Estimating Individual Tree Height and Species from UAV Imagery
This work addresses the need for cost-effective and scalable forest biomass estimation, which is crucial for carbon sink monitoring, by providing a new benchmark and method for individual tree analysis from UAV data.
The paper tackles the problem of estimating individual tree height and species from UAV imagery by introducing BIRCH-Trees, a benchmark spanning three forest datasets, and DINOvTree, a unified approach using a Vision Foundation Model backbone. DINOvTree achieves top overall results with accurate height predictions and competitive classification accuracy while using only 54% to 58% of the parameters of the second-best approach.
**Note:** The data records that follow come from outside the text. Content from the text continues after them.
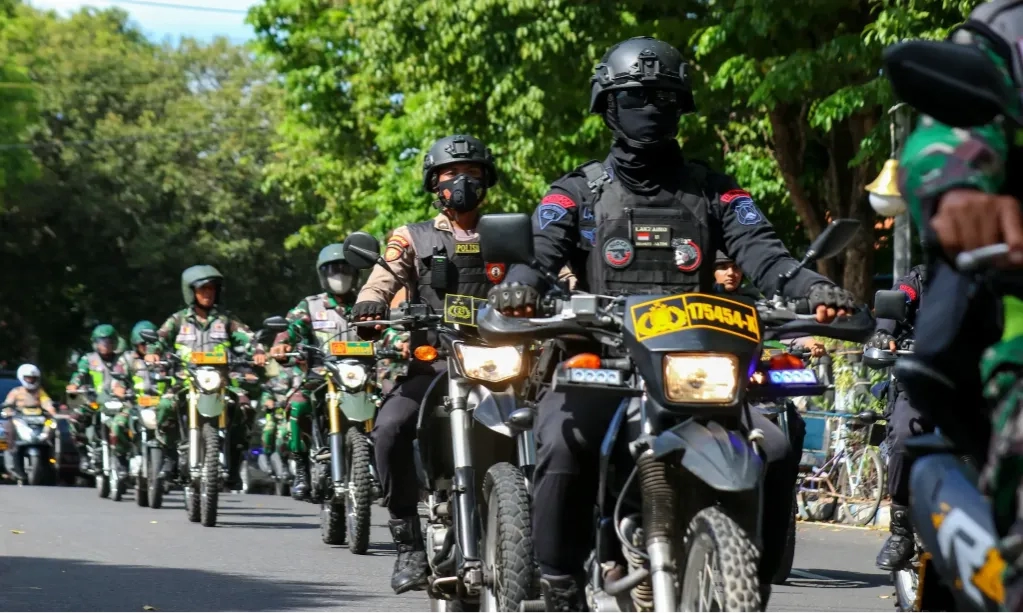 Imparsial: Kritik Jabatan Sipil Untuk TNI-Polri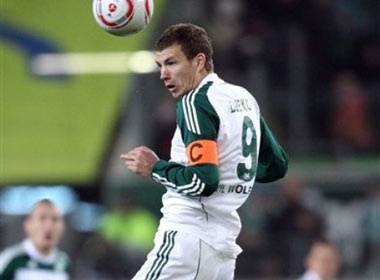 Dzeko chinh thuc cap ben Man City hinh anh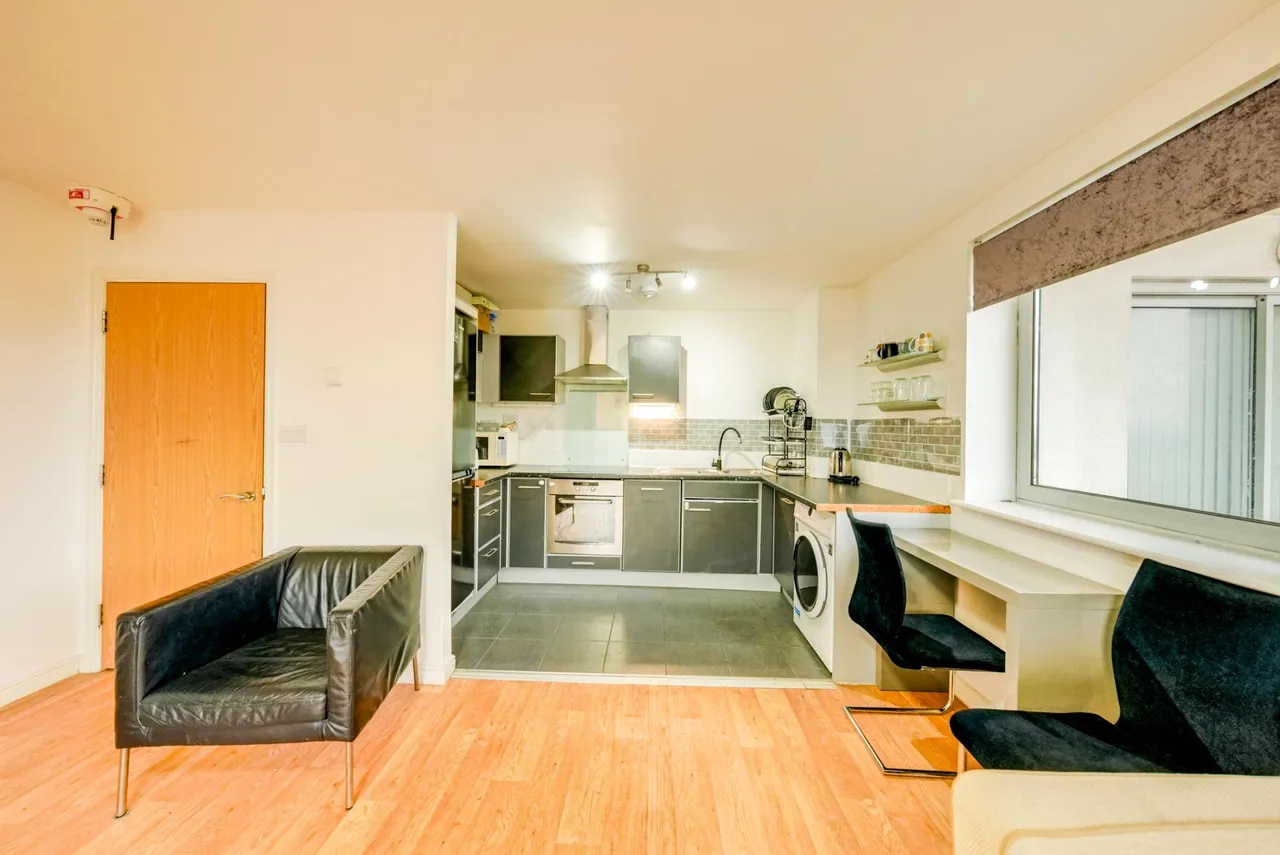 Axon Place, Ilford, IG1, photo 5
Accurate estimation of forest biomass, a major carbon sink, relies heavily on tree-level traits such as height and species. Unoccupied Aerial Vehicles (UAVs) capturing high-resolution imagery from a single RGB camera offer a cost-effective and scalable approach for mapping and measuring individual trees. We introduce BIRCH-Trees, the first benchmark for individual tree height and species estimation from tree-centered UAV images, spanning three datasets: temperate forests, tropical forests, and boreal plantations. We also present DINOvTree, a unified approach using a Vision Foundation Model (VFM) backbone with task-specific heads for simultaneous height and species prediction. Through extensive evaluations on BIRCH-Trees, we compare DINOvTree against commonly used vision methods, including VFMs, as well as biological allometric equations. We find that DINOvTree achieves top overall results with accurate height predictions and competitive classification accuracy while using only 54% to 58% of the parameters of the second-best approach.